I’ve finally found a way to manage the vast amount of RSS feeds I read on a daily basis: some are for work in order to keep up with developments in the IT industry, others are of merely personal interest. After trying many, many different feed readers, I’ve settled on Google Reader because I can use it at any of the numerous computer I encounter at home, at work and place in between.
(If you don’t know what RSS is, I reckon it’s time to stop banging rocks together in your cave-lair and drag yourself into the real world.)
The problem with using Google Reader (or any RSS feed reader) is how to arrange your feeds so that you can see the posts which are important to you and gather the rest for reading when you have more time. How do you make sure you read the gems and leave the vase swaths of rubbish until you have time.
As far as I can see there are three basic organisational strategies.

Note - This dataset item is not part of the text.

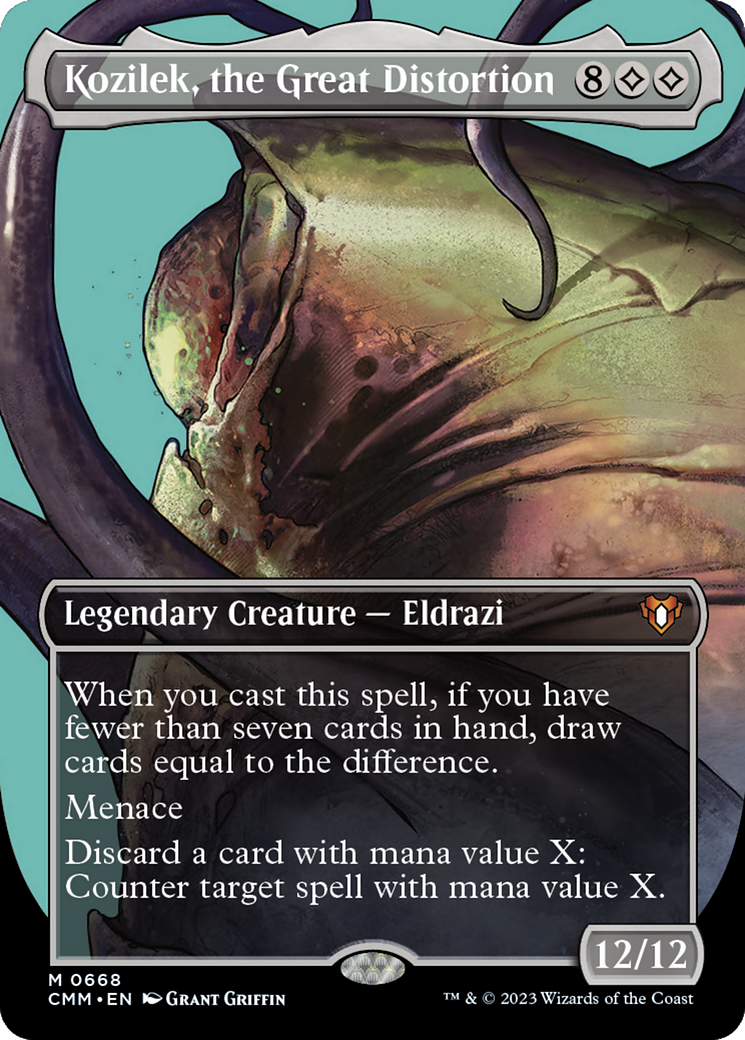 Kozilek, the Great Distortion (Borderless) (668) [Commander Masters] foil - Deck Out Gaming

You can organise by:
- Subject; eg: fencing, astronomy, technology, comics, etc.
- Priority; eg: must read, read occasionally, read only when I have time, etc
- Type; eg: a blog, a web site update noticiation, a podcast, etc
However, given that most feed readers only allow a single folder structure, should you organise your feeds by subject, you lose the ability to group them by priority or feed type. This is where Google Reader comes into it’s own.
Google Reader, too, has folders but they’re really just glorified tags which means you can assign a feed to multiple folders. Yay. Here’s how I do it.
First, I organise by priority. This is encoded in the _Major, _Minor, _Other and _Lifehacker folders. The priority order is feeds in _Major I must read every day down to those in the _Lifehacker folder (because of the RSS spam it generates) I can simply mark as read if I don’t have time or couldn’t be bothered reading them. The underscore at the start of the folder name is simply to ensure that these folders appear first in the alphabetical list of folders.
Next, I organise by the purpose or type of the RSS feed. These are the folders in brackets ([…]). If I’m lacking time for reading, I can easily mark as read all the feeds which simply notify me of updates to web sites and concentrate on those which give me real content.
Finally, and for me least useful in the everyday, is the categorisation by subject. This is the rest of the folders, some 20 odd more folders. The folder structure seemed incomplete without a subject category but I can’t say I’m ever actually used any of these folders.